Before I jump into the story of what two hippies taught me about work and life; I want to ask you:
What were you taught about work? Was it something to endure until retirement, or could it be fulfilling?
How did your parents balance work and life?
Are their work values true for you today? Or have you created your own?
Without further digressions, here's my story.
When I graduated from university with my Arts Degree, I got my first job-- working for my mom.
The job was helping her sell women’s accessories at gift shows and markets. The reasons I chose it were simple: she paid me cash, I didn’t have to work in an office and I had no idea what else to do.
Growing up, I witnessed the contrasting career paths of my parents.
When they first got married, they worked together selling plants in flea markets. They kept me in a basket under the table. It was cool, fun and cash only.
But then my father felt the pressure to get "real" and took a job at his father's truck parts distribution company.
My mom continued selling stuff at markets, progressing from plants to purses.
Dad did not find personal satisfaction in his job, yet stayed in the family business for three decades until a year before he died. He stayed because it offered prosperity and security to his family— a luxury he didn't want to give up.
On the other hand, my mother always loved her work. It was her passion, and she was deeply engaged, despite the back-breaking schlepping for 30 years. Even today, though she doesn't have to work, she still works the occasional sale just for fun. Her work gave her joy, pride and excitement—benefits that could not be quantified.
From my adolescent observation, there seemed to be two divergent paths one could choose; the path of security or passion. I think many of us see it in these stark terms. You get one or the other.
But as I got older, I realized the picture had more shades. It wasn't that black and white.
My father found alternative ways to infuse his life with meaning and purpose.

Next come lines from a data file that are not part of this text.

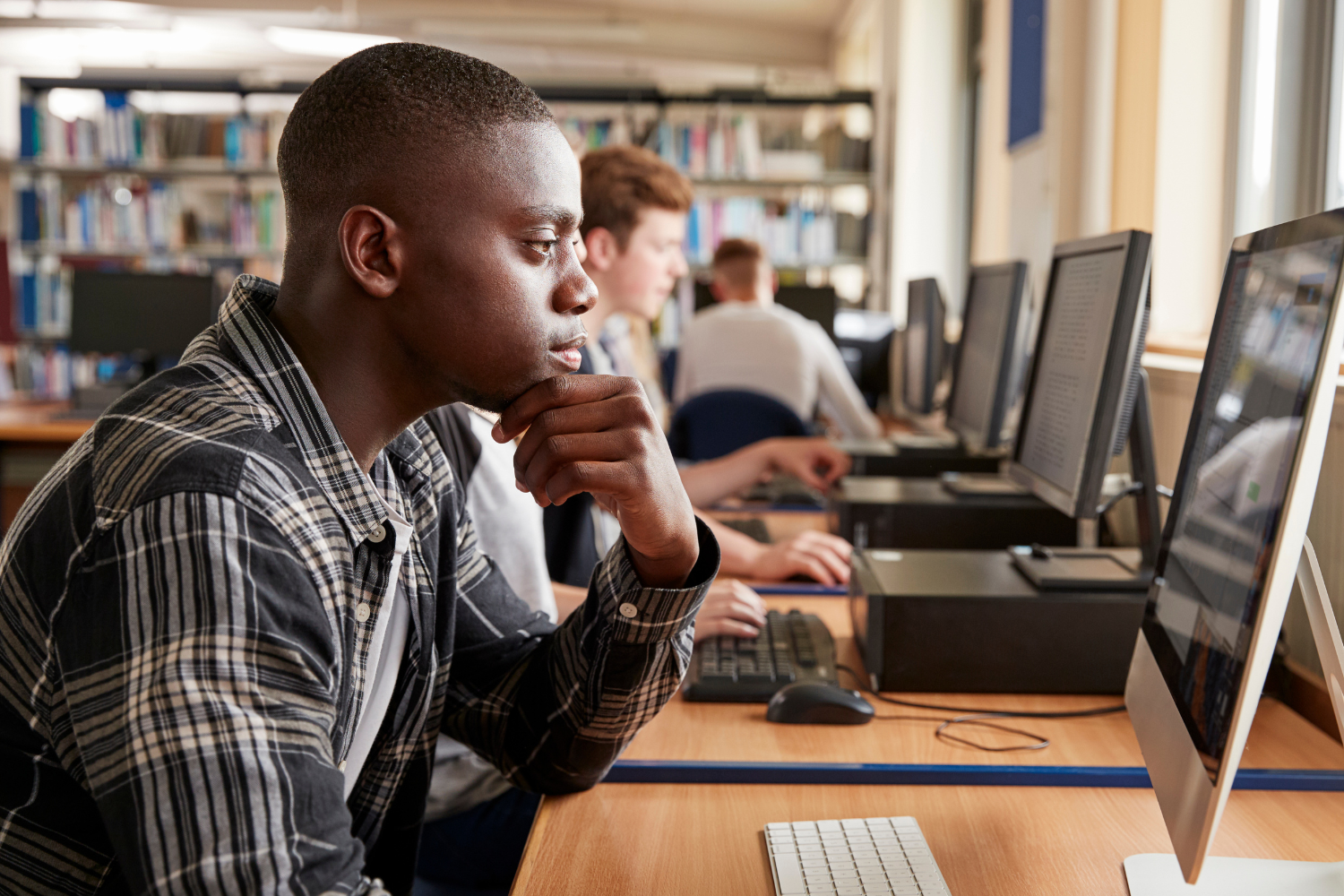Student on computer - 1500 x 1000 Man on computer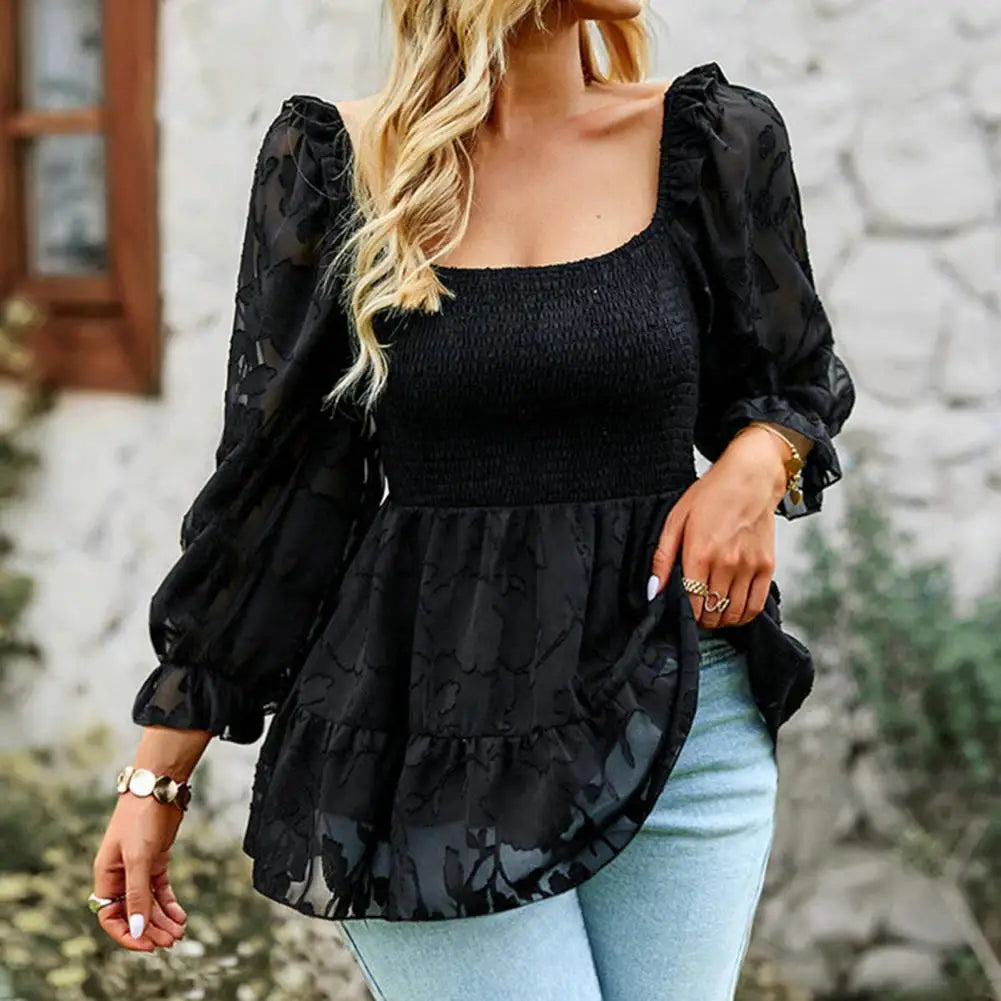 Ruffled blouse with a square neckline and sheer sleeves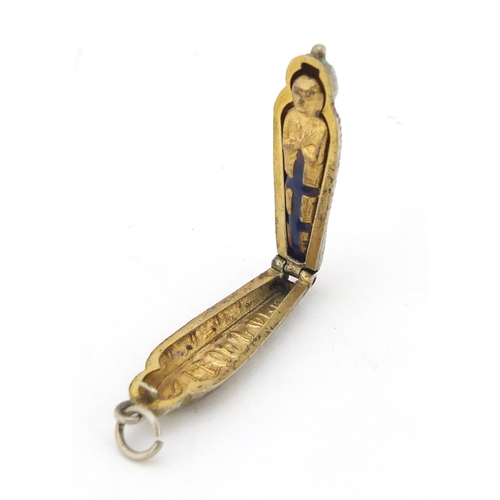 599 - Egyptian Revival unmarked silver and enamel Tutankhamun pendant opening to reveal an enamel mummy, 3... 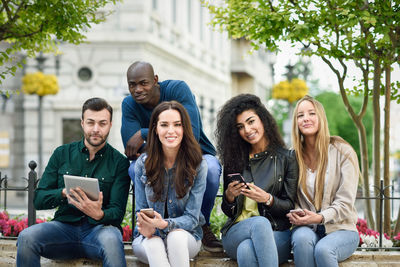 Group of people sitting on mobile phone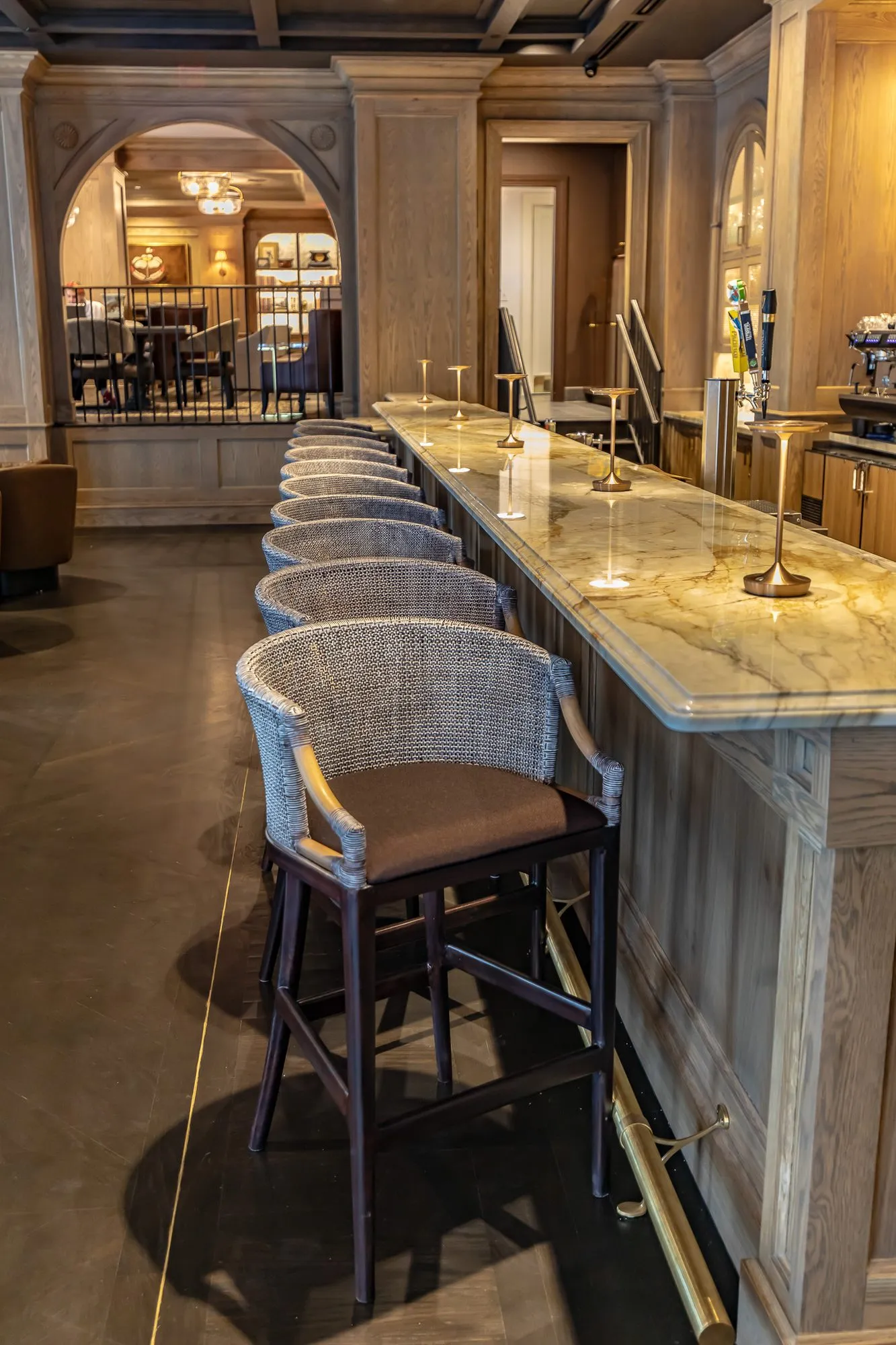 Private club bar: cane back stools with leather seats along the marble bar, brass foot rail below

Over the years, he nurtured multiple channels to build a meaningful and joyful life. He got involved with the synagogue, establishing the Out of the Cold program there, joined a men's meditation group, and regularly went to the ballet, symphony and jazz performances.
It wasn't unusual for him to go the first act of a jazz series at the North York Performing Arts Centre and then high tail it downtown to see the second half of a ballet. On the same night.
When he passed away a year shy of his sixtieth birthday, he had no regrets about his life choices. He was utterly satisfied, having squeezed every last drop out of life.
My mother took her profits and invested them. First, in a pre-construction townhouse, then in a condominium. Her work, which had always centred around enjoyment, became her nest egg.
We often think we need to choose security OR enjoyment. But is it possible for more of us to have more of both?
It may take a new perspective; identifying new channels to fulfill your needs. You may need to alter your viewpoint and get creative, but it is possible.